Insgesamt nehme der Bund mehr als 1 Mrd. € in die Hand, um die Situation im Bereich der Pflege langfristig zu verbessern, hoben die Redner:innen der Koalitionsparteien hervor. Dies werde von sehr vielen Organisationen und Expert:innen ausdrücklich begrüßt. Die Opposition beurteilte das Paket differenzierter. Auch wenn es einzelne Fortschritte gebe, sei die Reform unzureichend und vor allem nicht nachhaltig. Damit werde man den Mangel an Pflegekräften nicht beheben können. Die FPÖ stimmte aufgrund der Dringlichkeit der Maßnahmen dem Paket zu, SPÖ und NEOS hingegen lehnten einen Großteil der Anträge ab.
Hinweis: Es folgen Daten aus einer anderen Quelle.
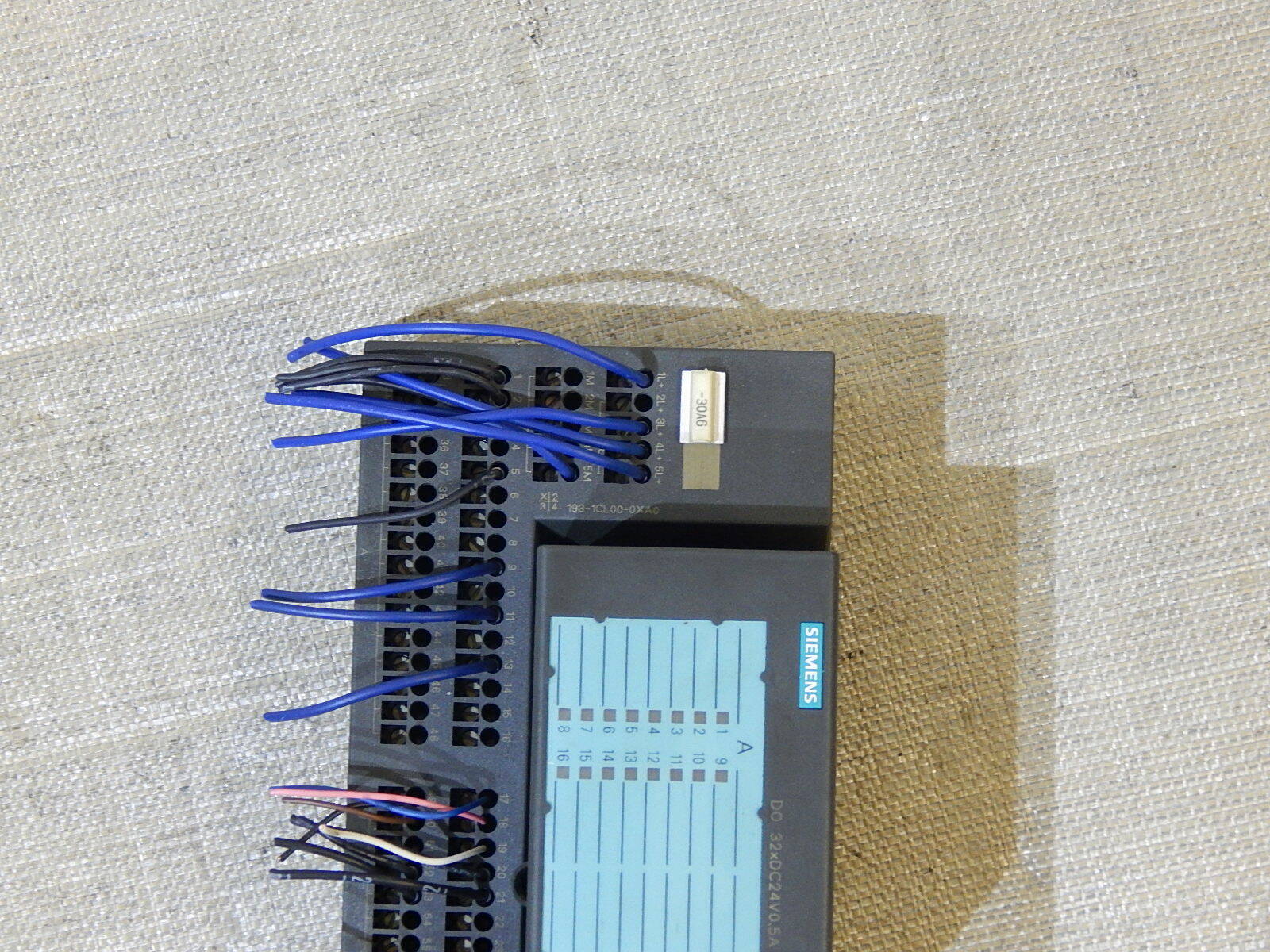 Siemens Simatic S7 6ES7 132-1BL00-0XB0 E: 3 + 6ES7193-1CL00-0XA0  E:1  used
Mit den Koalitionsanträgen mitverhandelt wurden auch Initiativen der Opposition, die allesamt abgelehnt wurden. So drängte die SPÖ darauf, durch die Einrichtung eines ausreichend dotierten Pflegegarantiefonds kostenlose Pflegeleistungen sicherzustellen, eine Ausbildungsoffensive für Pflegeberufe zu starten und die Arbeitssituation für Betroffene rasch zu verbessern. Die FPÖ urgierte einen Rechtsanspruch auf sogenannte Übergangspflege im Ausmaß von bis zu 12 Wochen im Jahr. Damit will sie sicherstellen, dass Patient:innen nicht aus dem Krankenhaus entlassen werden, wenn zu Hause keine adäquate Pflege gewährleistet ist. Den NEOS ist eine umfassende Kostenanalyse der Pflege in Österreich ein Anliegen, um eine bessere Finanzplanung zu ermöglichen. Ebenfalls in der Minderheit blieb ein während der Debatte eingebrachter Entschließungsantrag der Freiheitlichen, in dem die bundesweite Umsetzung des "Kärntner Pflegemodells" vorgeschlagen wird. 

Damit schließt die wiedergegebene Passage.